03.11.01
Shooting Jeremy
a sibling rivalry SUIT column by Chris Jungle

I attended the opening night performance of a dark comedy called The Lonesome West at the theatre where I volunteer. Miguel and Jeremy, a couple actor friends of mine, had the lead roles of brothers Coleman and Valene Conner. They cussed, harassed and fought with each other throughout the play, proving that family hatred can overcome almost any intervention.

During the climax of the play, Coleman runs around the stage with a rifle while Valene fends him off with a large kitchen knife. In a moment of true vindictiveness, Coleman aims his gun at Valene's newly purchased stove and blows the prop away. On this night, it was not the stove that received the bullet wound.

As Coleman and Valene chased each other around the stage during the final scene, I sat in my front row seat, anticipating the stove shot (I had read the script a few months earlier). Coleman whipped around and aimed the rifle at Valene for one more round of cussing when the rifle went off. Coleman was no where near the stove, and instead, the gun went off pointing directly at Valene.

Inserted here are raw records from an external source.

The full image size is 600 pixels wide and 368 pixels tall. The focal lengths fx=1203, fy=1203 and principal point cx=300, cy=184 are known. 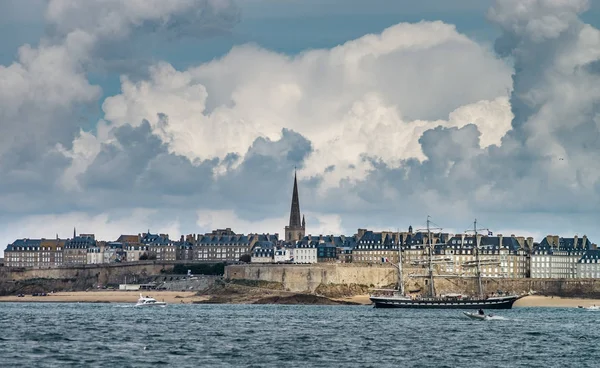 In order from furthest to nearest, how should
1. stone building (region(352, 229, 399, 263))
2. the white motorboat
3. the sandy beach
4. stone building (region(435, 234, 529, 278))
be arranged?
stone building (region(352, 229, 399, 263)) → stone building (region(435, 234, 529, 278)) → the sandy beach → the white motorboat

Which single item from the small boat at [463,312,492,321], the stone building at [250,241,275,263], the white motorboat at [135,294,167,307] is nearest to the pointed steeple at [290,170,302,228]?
the stone building at [250,241,275,263]

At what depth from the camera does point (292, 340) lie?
71875mm

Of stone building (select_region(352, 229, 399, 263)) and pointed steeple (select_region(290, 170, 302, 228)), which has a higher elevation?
pointed steeple (select_region(290, 170, 302, 228))

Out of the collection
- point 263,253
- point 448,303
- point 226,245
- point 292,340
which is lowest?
point 292,340

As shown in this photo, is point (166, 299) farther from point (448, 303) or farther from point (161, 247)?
point (161, 247)

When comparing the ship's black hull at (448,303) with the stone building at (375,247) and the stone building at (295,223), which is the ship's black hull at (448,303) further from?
the stone building at (295,223)

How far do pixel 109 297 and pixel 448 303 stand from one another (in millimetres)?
45206

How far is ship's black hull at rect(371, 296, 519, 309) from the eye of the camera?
121 metres

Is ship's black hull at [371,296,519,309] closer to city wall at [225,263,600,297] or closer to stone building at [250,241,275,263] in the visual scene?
city wall at [225,263,600,297]

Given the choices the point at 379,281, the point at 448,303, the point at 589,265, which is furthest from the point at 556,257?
the point at 448,303

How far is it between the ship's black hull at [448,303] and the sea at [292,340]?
13.1 meters

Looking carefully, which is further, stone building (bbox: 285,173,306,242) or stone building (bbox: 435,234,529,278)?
stone building (bbox: 285,173,306,242)

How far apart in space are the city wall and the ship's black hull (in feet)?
Answer: 67.9

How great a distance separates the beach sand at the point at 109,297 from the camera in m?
142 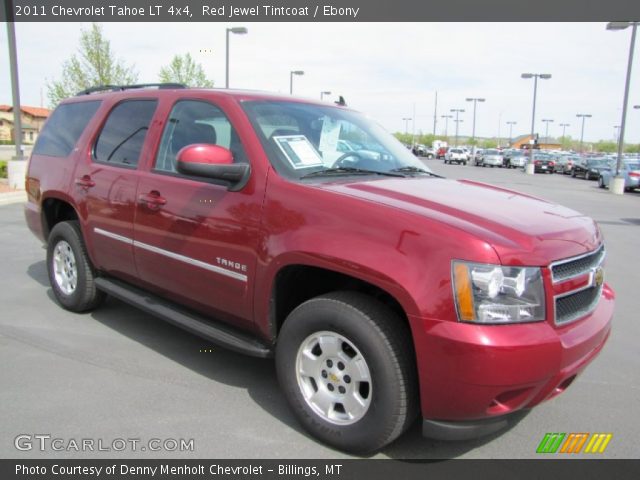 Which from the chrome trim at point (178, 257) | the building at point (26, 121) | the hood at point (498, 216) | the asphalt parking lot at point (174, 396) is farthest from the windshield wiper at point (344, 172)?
the building at point (26, 121)

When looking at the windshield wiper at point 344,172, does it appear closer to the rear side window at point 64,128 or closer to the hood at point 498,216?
the hood at point 498,216

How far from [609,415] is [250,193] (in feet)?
8.63

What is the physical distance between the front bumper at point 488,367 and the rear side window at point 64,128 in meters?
3.86

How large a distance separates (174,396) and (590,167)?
34710 mm

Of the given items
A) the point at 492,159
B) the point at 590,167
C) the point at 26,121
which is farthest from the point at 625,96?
the point at 26,121

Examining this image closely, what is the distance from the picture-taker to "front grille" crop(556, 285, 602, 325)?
2629 mm

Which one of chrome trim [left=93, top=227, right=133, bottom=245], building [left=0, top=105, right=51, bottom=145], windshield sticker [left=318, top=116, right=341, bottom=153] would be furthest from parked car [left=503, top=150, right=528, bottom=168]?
building [left=0, top=105, right=51, bottom=145]

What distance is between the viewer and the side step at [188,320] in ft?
10.7

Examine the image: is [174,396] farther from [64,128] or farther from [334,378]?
[64,128]

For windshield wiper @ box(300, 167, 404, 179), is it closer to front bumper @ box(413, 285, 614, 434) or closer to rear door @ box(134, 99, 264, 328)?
rear door @ box(134, 99, 264, 328)

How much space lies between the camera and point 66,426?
3.08 metres

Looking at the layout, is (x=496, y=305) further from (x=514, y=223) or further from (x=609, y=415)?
(x=609, y=415)

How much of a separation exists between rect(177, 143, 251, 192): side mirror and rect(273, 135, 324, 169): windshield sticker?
0.87 ft

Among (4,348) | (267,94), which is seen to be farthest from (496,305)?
(4,348) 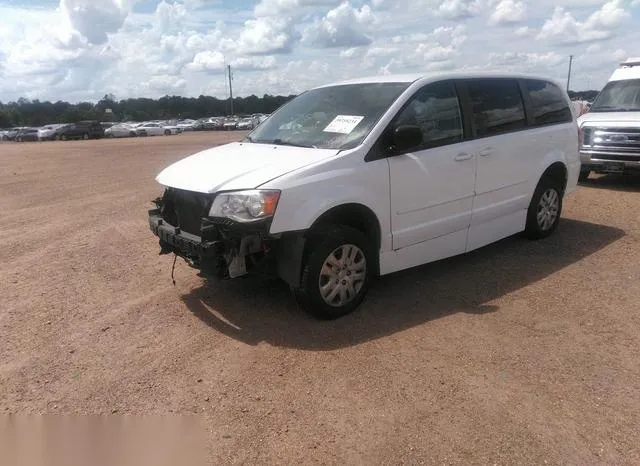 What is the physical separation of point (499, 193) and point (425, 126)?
4.30 feet

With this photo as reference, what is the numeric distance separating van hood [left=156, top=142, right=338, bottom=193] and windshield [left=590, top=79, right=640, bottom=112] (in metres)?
8.54

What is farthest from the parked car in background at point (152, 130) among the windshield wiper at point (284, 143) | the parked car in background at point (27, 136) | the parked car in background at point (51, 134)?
the windshield wiper at point (284, 143)

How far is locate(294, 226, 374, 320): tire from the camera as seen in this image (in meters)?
4.41

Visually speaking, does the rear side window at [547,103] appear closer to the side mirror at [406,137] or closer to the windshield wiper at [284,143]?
the side mirror at [406,137]

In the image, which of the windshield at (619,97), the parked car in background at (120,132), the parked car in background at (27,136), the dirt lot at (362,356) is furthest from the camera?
the parked car in background at (120,132)

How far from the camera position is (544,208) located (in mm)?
6750

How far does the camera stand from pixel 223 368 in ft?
12.9

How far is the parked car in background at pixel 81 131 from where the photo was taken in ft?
164

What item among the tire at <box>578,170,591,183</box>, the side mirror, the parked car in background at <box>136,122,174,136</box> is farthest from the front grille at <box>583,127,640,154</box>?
the parked car in background at <box>136,122,174,136</box>

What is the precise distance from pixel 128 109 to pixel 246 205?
367 ft

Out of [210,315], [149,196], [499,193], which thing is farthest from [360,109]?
[149,196]

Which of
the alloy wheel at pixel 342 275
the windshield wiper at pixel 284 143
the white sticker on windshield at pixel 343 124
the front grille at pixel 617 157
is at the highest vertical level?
the white sticker on windshield at pixel 343 124

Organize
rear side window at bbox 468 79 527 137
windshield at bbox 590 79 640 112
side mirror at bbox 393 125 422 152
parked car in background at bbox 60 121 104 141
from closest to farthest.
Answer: side mirror at bbox 393 125 422 152
rear side window at bbox 468 79 527 137
windshield at bbox 590 79 640 112
parked car in background at bbox 60 121 104 141

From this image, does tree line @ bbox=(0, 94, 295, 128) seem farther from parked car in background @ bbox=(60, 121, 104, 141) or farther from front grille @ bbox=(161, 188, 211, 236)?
front grille @ bbox=(161, 188, 211, 236) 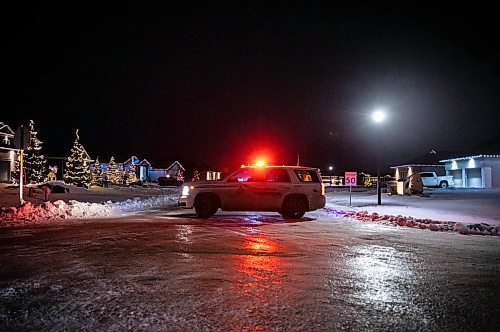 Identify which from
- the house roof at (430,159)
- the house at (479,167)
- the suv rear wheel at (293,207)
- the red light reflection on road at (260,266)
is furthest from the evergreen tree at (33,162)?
the house roof at (430,159)

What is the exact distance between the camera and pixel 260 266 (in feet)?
24.7

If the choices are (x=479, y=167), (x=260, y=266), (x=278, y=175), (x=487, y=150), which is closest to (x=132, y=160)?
(x=479, y=167)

The characters Coleman and Valene melted away in my eyes. I no longer saw two Irish brothers fighting over Taytos and cheap booze. I saw my friend Miguel, three feet in front of me, shoot my friend Jeremy in the gut. The rifle shot was a blank with a confetti burst, but an explosion at such close range still left powder burns on Jeremy's stomach. Jeremy would later tell me that his first thought after the blast was "Brandon Lee." For those who don't know, Brandon Lee, the son of Bruce Lee, was shot and killed by a prop gun loaded with a live round while filming the end of the movie The Crow (good flick, though).

Strange as it may sound, I almost saw this coming. A half year earlier, Jeremy needed a place to live and moved in with Miguel and his girl Tifanie. While the trio got along smoothly, the wear and tear of living together occasionally popped up. Miguel and Jeremy treated each other like brothers long before they were cast in their roles as the Conners.

During the rehearsal month, both would come to me to complain about the other. Miguel muttered about Jeremy coming up lame from their stage fighting. Jeremy would accuse Miguel of taking out his aggression out on him. Two weeks before the show opened, Jeremy found a new place to live. Actors lose themselves in roles, but these two have so much real life experience that putting them in a play where they continually fight with each other is more like therapy than acting.

That's why I had to go opening night. I had to see what the past six months of Miguel and Jeremy living under the same roof would bring to the play. I joked with Miguel a couple times that he would turn on the audience and fire a round into the seats. I wasn't too far off. Miguel shot Jeremy instead.

You could call it an accident, a Freudian slip or destiny. I had a premonition something strange might happen once an audience was present. In one freak moment, all the living together, all of the rehearsing together, all of the hanging out together culminated in Miguel pulling the trigger, shooting Jeremy. In real life, Jeremy would be dead, and Miguel would go to jail for manslaughter. But this was the theatre, and so they did what good actors do. They kept acting and finished the play.

I'm not sure what the lesson is this week. You could make the point that guns are dangerous and should be kept out of the home. You could say that unexpected entertainment like that can only be found at live theatre. You might even realize that the people you care about are also the people you hurt the most.

During the party afterwards, I shared a bottle of Jamison with Miguel and Jeremy. We had a good laugh about the freak incident, thankful that an actual tragedy was avoided. And at the end of the night, there were the two brothers, telling drunken stories to each other and knowing they still had eleven more performances to go.


Chris Jungle wishes he could shoot each of his brothers, just once.